'Harvested' instead of 'killed'?

Maybe my idle mind is a little too, uh, idle this lovely Sunday afternoon.

With that, I’ll get something off my chest. It’s piddly and not too terribly significant, but it has to do — I think — with what I perceive to be a tilt toward political correctness.

Looking through my local newspaper — the Amarillo Globe-News — today, I noticed two captions under pictures on the Outdoor page of the Sports section. The pictures showed two hunters who had shot wild game. One was a water buck in South Africa; the other was a feral hog. The text under the pictures said the hunters “harvested” the animals.

This is not a new use of a common term. When I think of something being “harvested,” though, I think of cotton being stripped, of wheat being cut, of kids picking raspberries off the thorny bushes (which is what I used to do in the summer growing up in the Pacific Northwest).

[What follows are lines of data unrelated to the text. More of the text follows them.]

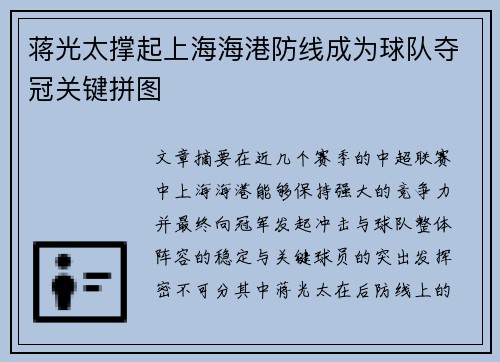 蒋光太撑起上海海港防线成为球队夺冠关键拼图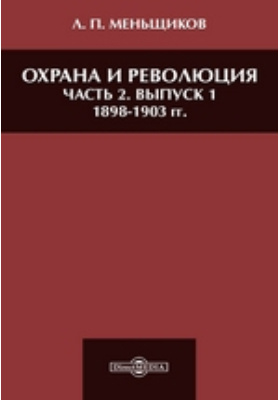 Охрана и революция 1898-1903 гг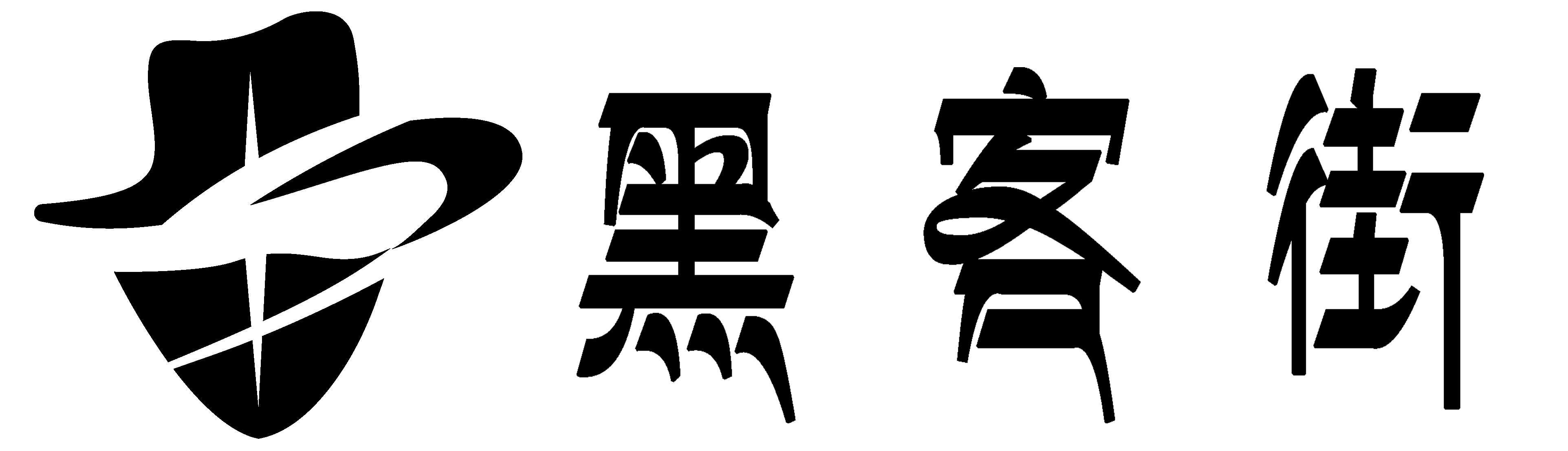 黑客24小时app在线追款提现接单网站-24小时信誉黑客定位找人联系方式-zheng黑客业务网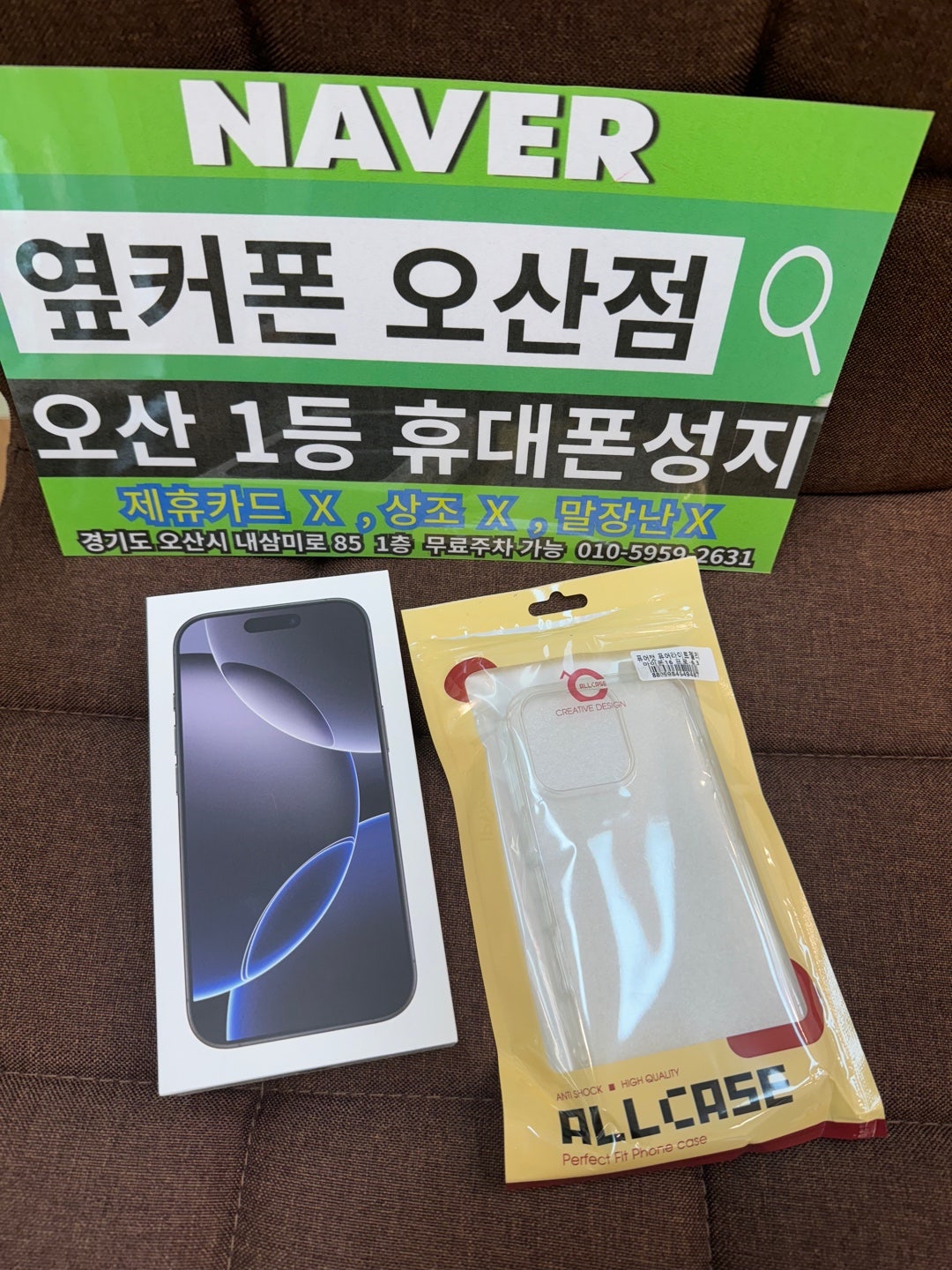 옆커폰 오산점 찐성지에서 엘지이동 아이폰16프로 구매완료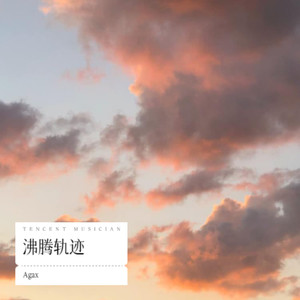 沸腾轨迹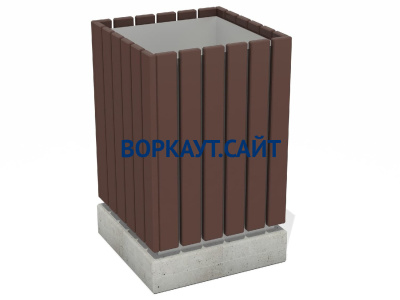 Урна деревянная квадратная с бетонным основанием МАФ 1633 в Сыктывкаре
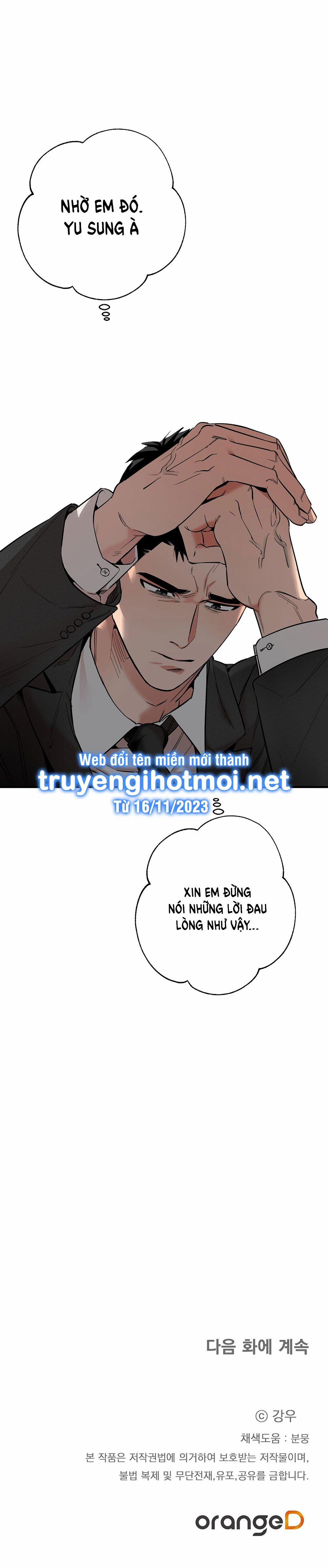 manhwax10.com - Truyện Manhwa [18+] Colorize Chương 4 Trang 21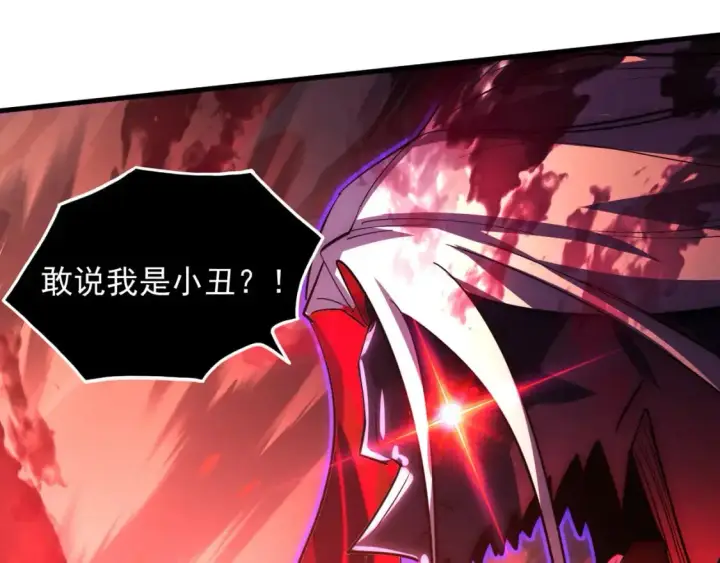《从末世崛起》244 首次遭遇·变异型兽王！图17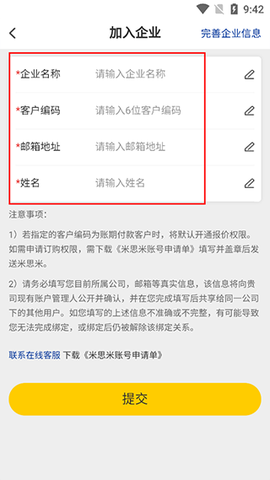米思米闪购商城[图4]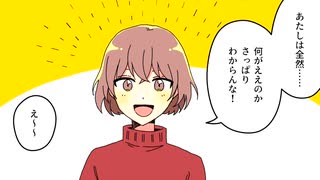 【喋り】メイコとカイトとルカのネイルとかの話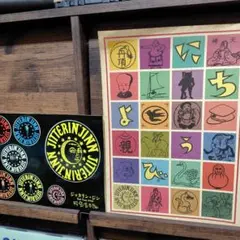 2026年最新】ジッタリンジンの人気アイテム - メルカリ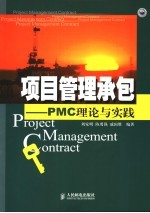 项目管理承包 PMC理论与实践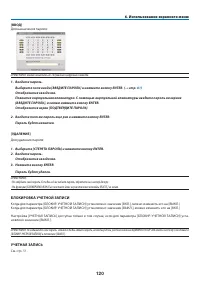 Страница 133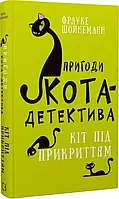 Приключения кота-детектива Книга 5 Кот под прикрытием Фрауке Шойнеманн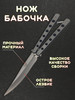 Нож бабочка складной бренд BALISONG продавец Продавец № 285869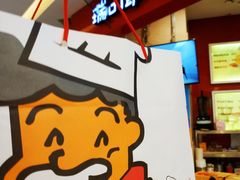 -瑞可爷爷的店(铁东店)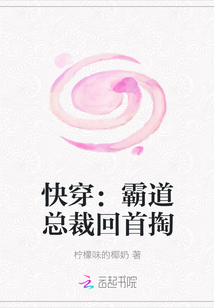 快穿：霸道總裁回首掏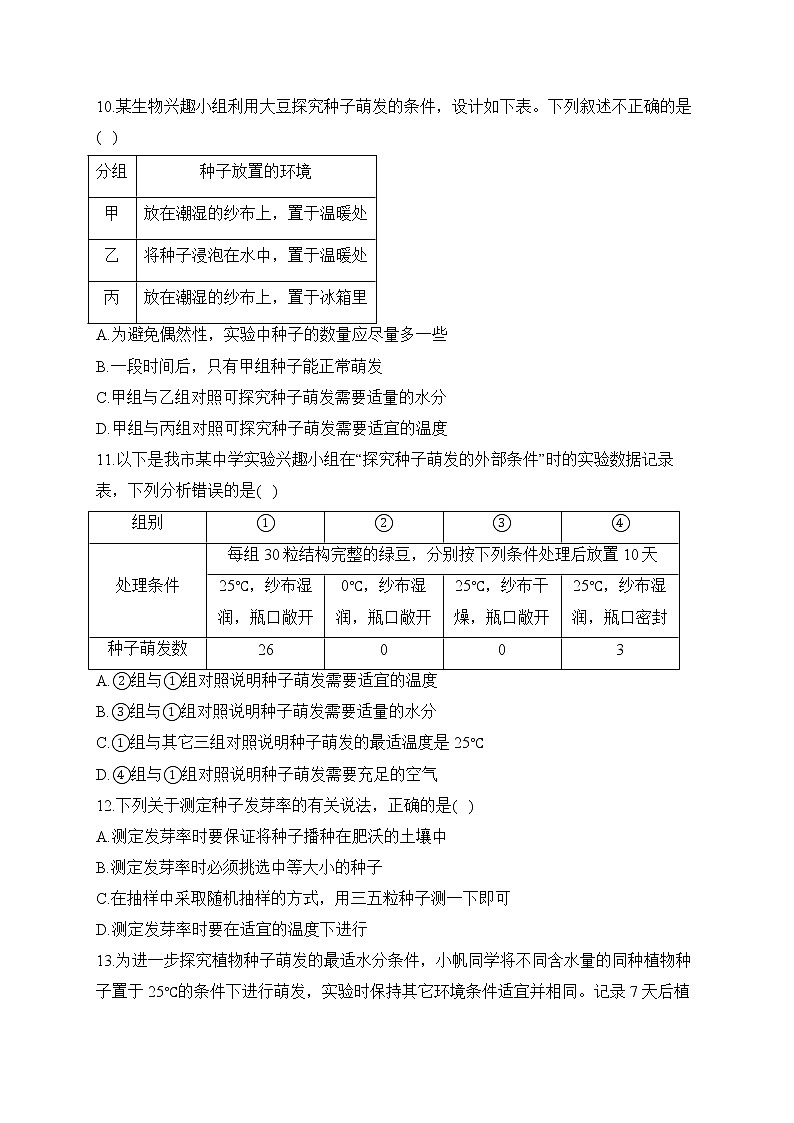 2023届中考生物高频考点专项练习:专题六 考点13 种子的萌发(B卷)第3页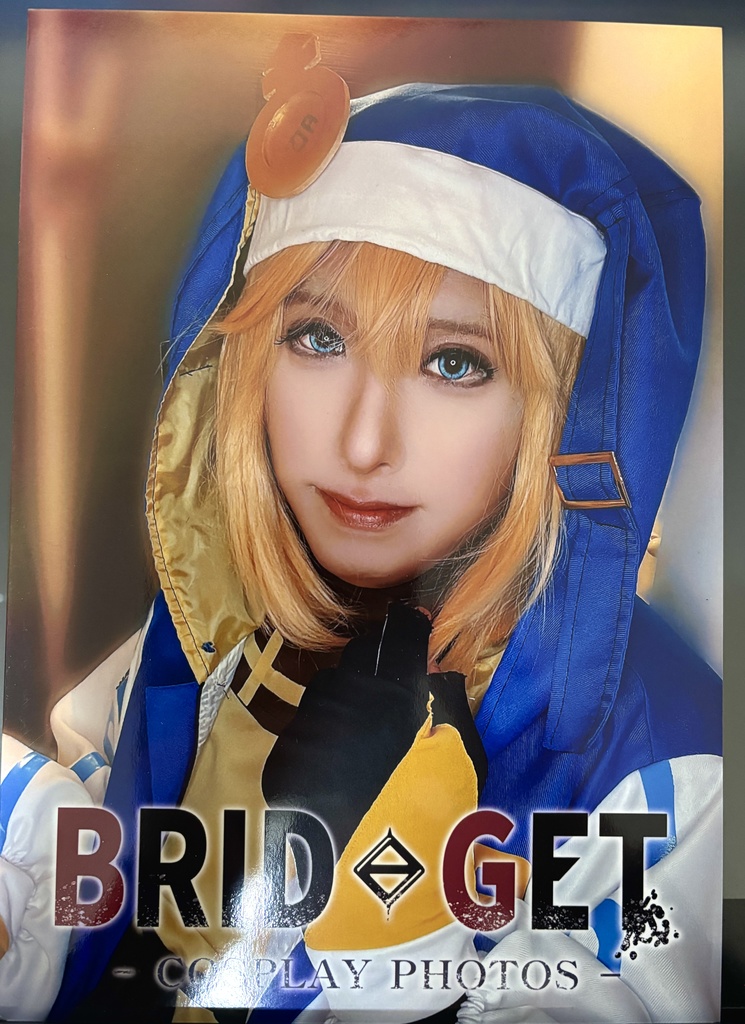 ブリジットコスプレ写真集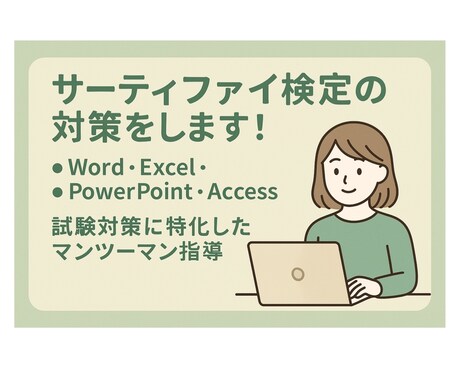 サーティファイ検定対策レッスンします 苦手を克服！サーティファイ検定合格へ一緒に進めます！ イメージ1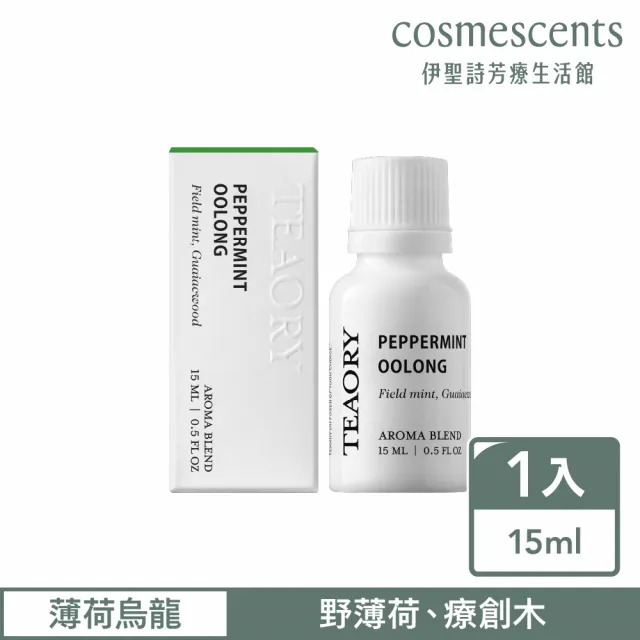【伊聖詩】一日茶道TEAORY 薄荷烏龍複方精華15ml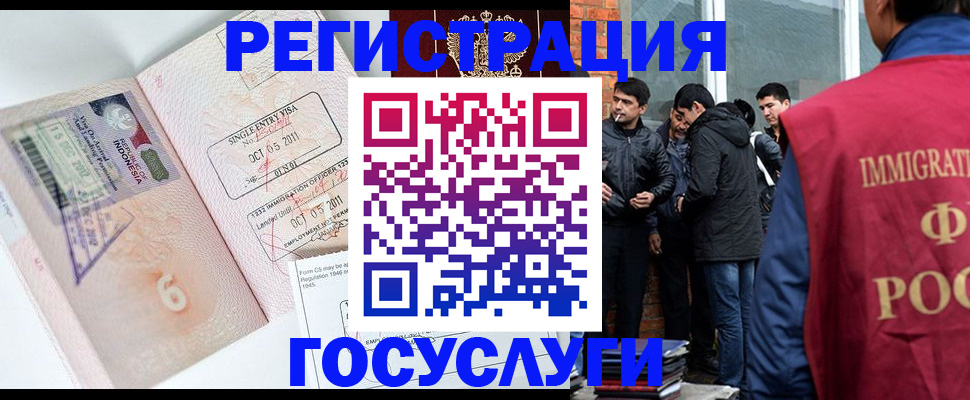 временная регистрация в квартире в Николаевске-на-Амуре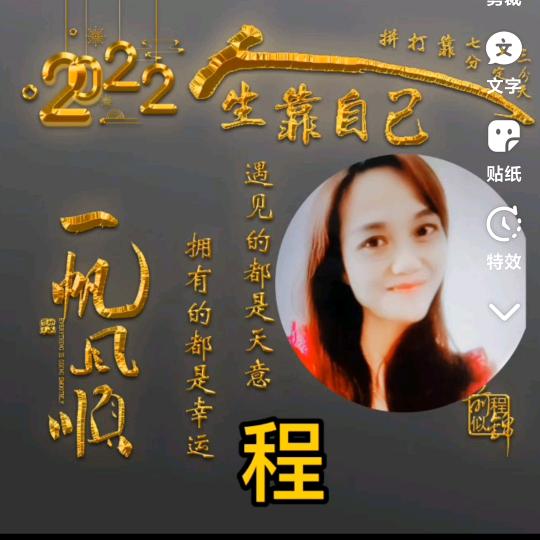 依依外婆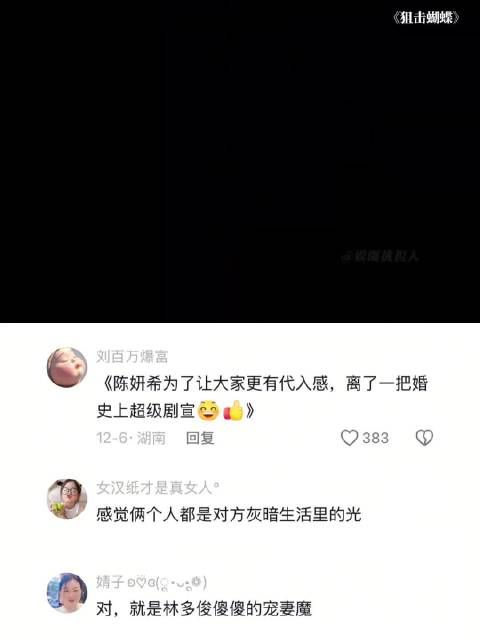 岑矜发现丈夫婚外情还有孩子，三天办完离婚让渣男净身出户
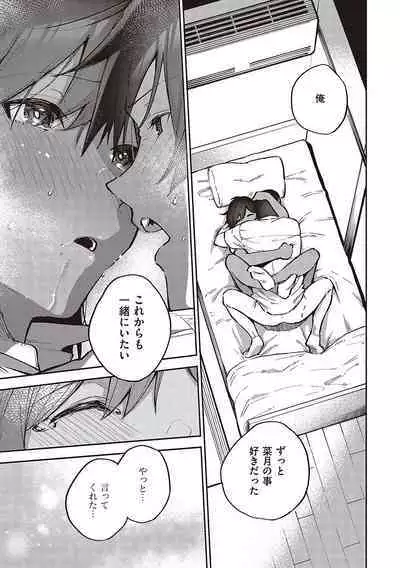 Bitter Sweet Complex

Perhaps I should ask a newspaper copy editor, but short of that, I’ll pose the question here: When did the terms “shot” and “killed” become unacceptable for use in a daily newspaper in describing the act of hunting wild animals?

The animals shown today, as are the critters displayed all the time on that particular page, are pretty darn dead. Does the text below the pictures need to somehow soften for readers what they already can see with their own eyes?

Some folks — particularly those on the right — just love to criticize those who tend to use politically correct terminology rather than dealing straight up with whatever they’re trying to describe.

Is that what’s happening to our region’s hunting community, for crying out loud? Please tell me it ain’t so.

6 thoughts on “'Harvested' instead of 'killed'?”

  1. I think it depends on what you are actually doing and it will work itself out.
    At our ranch we hunt every year and “kill” the deer specifically for the thrill of the hunt and for the meat
    On the other hand every year we have to harvest a certain number of does governed by the parks and wildlife department to keep the population in check.
    But I am with you if you intentionally cause their expiration you killed them. No big deal I kill them too.

  2. Well I guess it depends on why an animal was shot and killed. I knew a family when I was growing up with seven children. The father had a job working for a farmer and he didn’t make much money. In order to feed his large family, he harvested cotton tails. He had a system for harvesting them. He had several cattle guards that he had rigged with a taut wire stretched across one end. On the way to work in the morning, he would surreptitiously approach from the other end, startling the sleeping rabbits. The rabbits would panic and run the opposite direction, hitting the wire, and more often than not, it would result in their deaths. He would then take them to work, skin and clean them, put them in a refrigerator, and bring them home for supper. I would call that harvesting. His oldest son and I would go out after school and supplement the harvest with our 22 rifles. There was no such thing as political correctness back in those days. It wouldn’t have mattered. The cotton tails were being harvested. These rabbits were slaughtered. They were killed and cleaned, same as what happens to cattle in a slaughterhouse. My point, besides sharing a memory of mine, is that harvesting of anything, plant or animal, results in food. Describing the killing of anything for any reason other than food purposes as harvesting is not something I would do.

  3. You got that right. “Harvested” is not only out of place, but it doesn’t describe the circumstances.